Subash Khushu, Poonam Rana, Tarun Sekhri, Gopalakrishnan Sripathy, Rajendra Prasad Tripathi
Magnetic Resonance Imaging 2010, 28 (5): 683-9
Mitochondrial metabolism particularly oxidative phosphorylation is greatly influenced by thyroid hormones. Earlier studies have described neuromuscular symptoms as well as impaired muscle metabolism in hypothyroid and hyperthyroid patients. In this study, we intend to look in to the muscle bioenergetics including phosphocreatine recovery kinetics based oxidative metabolism in thyroid dysfunction using in vivo (31)P nuclear magnetic resonance spectroscopy (MRS). (31)P MRS was carried out at resting state on 32 hypothyroid, 10 hyperthyroid patients and 25 control subjects. Nine out of 32 hypothyroid patients and 17 out of 25 control subjects under went exercise protocol for oxidative metabolism study and performed plantar flexion exercise while lying supine in 1.5 T magnetic resonance scanner using custom built exercise device.
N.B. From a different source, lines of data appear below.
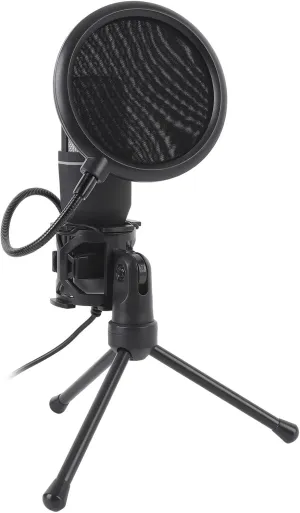 Gaming USB Microphone RGB Light Desktop Condenser PC Mic for Streaming Podcast Studio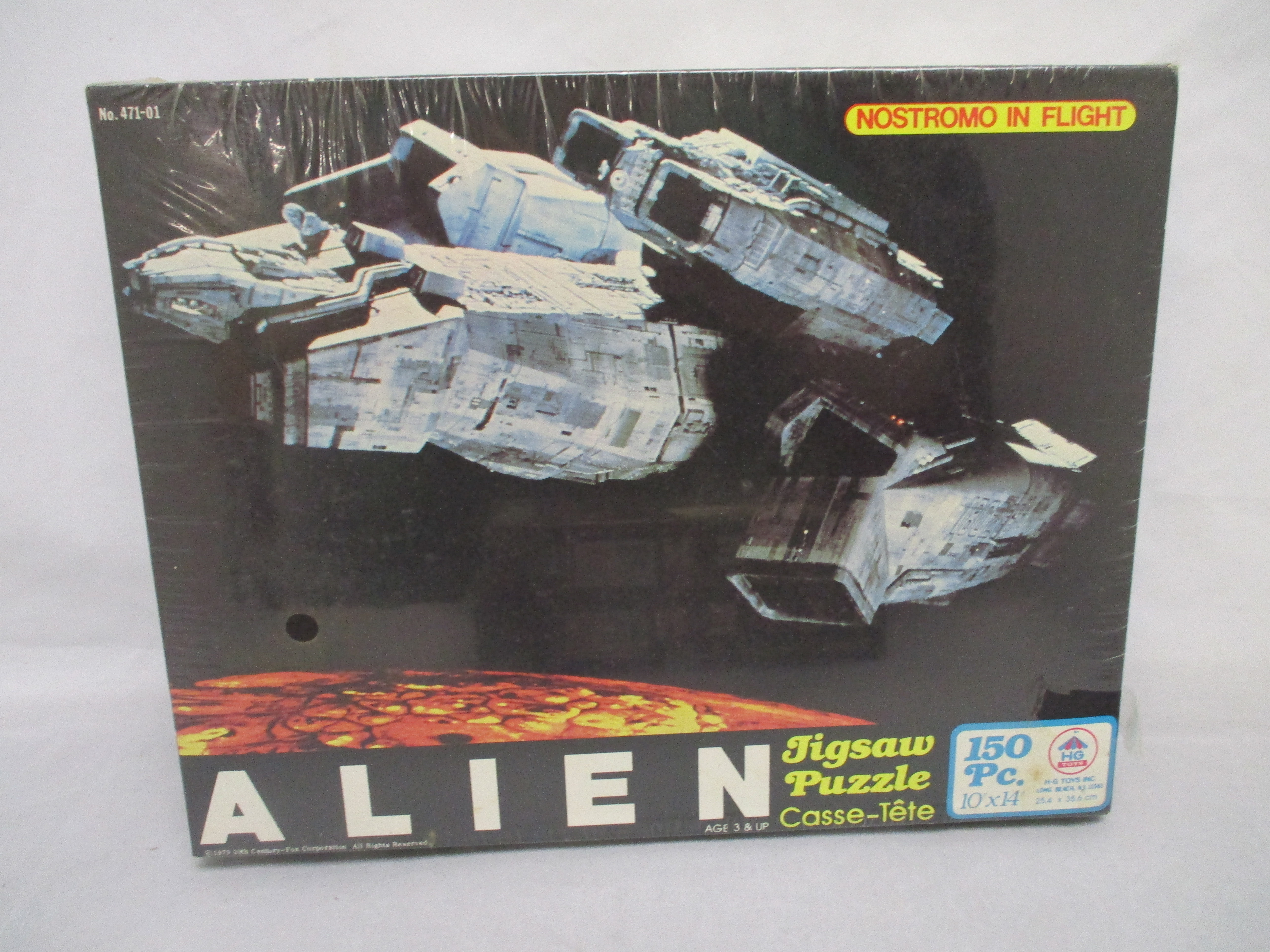 HG Toys 150 pc. Alien Puzzle #471-01 Nostromo in Flight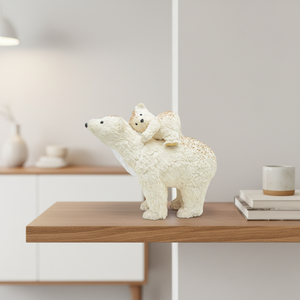 <span class=keywords><strong>Ours</strong></span> polaire <span class=keywords><strong>blanc</strong></span> réaliste fait main, grandeur nature, en plastique et fourrure synthétique, décoration de Noël pour animaux sauvages - Product Image 4
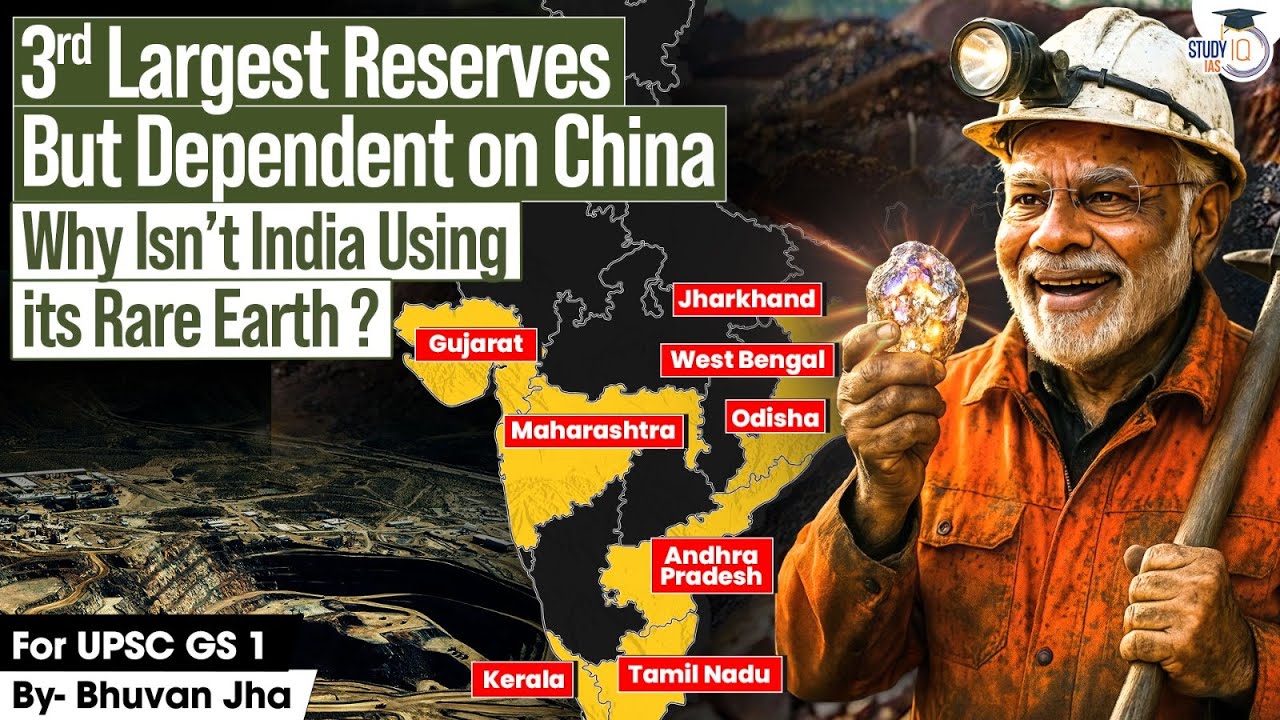 India’s Rare Earth Treasure vs China’s Global Control | India VS China: Rare Earth Minerals Battle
MRS measurements of inorganic phosphate (Pi), phosphocreatine (PCr), phosphodiesters (PDE) and adenosine triphosphate (ATP) of the calf muscle were acquired during rest, exercise and recovery phase. PCr recovery rate constant (k(PCr)) and oxidative capacity were calculated by monoexponential fit of PCr versus time (t) at the beginning of recovery. During resting condition in hypothyroid patients, PCr/Pi ratio was reduced whereas PDE/ATP and Pi/ATP were increased. However, in case of hyperthyroidism, an increased PCr/Pi ratio and reduced PDE/ATP and Pi/ATP were observed. The results confirmed differential energy status of the muscle due to increased or decreased levels of thyroid hormone. Our results also demonstrate reduced oxidative metabolism in hypothyroid patients based on PCr recovery kinetics. PCr recovery kinetics study after exercise revealed decreased PCr recovery rate constant (k(PCr)) in hypothyroid patients compared to controls that resulted in decrease in oxidative capacity of muscle by 50% in hypothyroids. These findings are consistent with a defect of high energy phosphate mitochondrial metabolism in thyroid dysfunction.